__What needs to be done__
Please give back, word for word, only the lines starting at the one containing "The Veranda Sul" and ending at the one containing "Samsung Galaxy Tab S3 simフリー S Pen" within the material below.

__Data to use__

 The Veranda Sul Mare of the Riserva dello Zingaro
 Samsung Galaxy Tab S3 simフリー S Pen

...

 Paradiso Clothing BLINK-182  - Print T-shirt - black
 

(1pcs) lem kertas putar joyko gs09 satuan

...

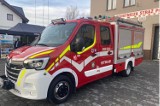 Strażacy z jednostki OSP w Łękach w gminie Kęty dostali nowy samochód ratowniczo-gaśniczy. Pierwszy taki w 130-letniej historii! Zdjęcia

__Exercise answer__
 The Veranda Sul Mare of the Riserva dello Zingaro
 Samsung Galaxy Tab S3 simフリー S Pen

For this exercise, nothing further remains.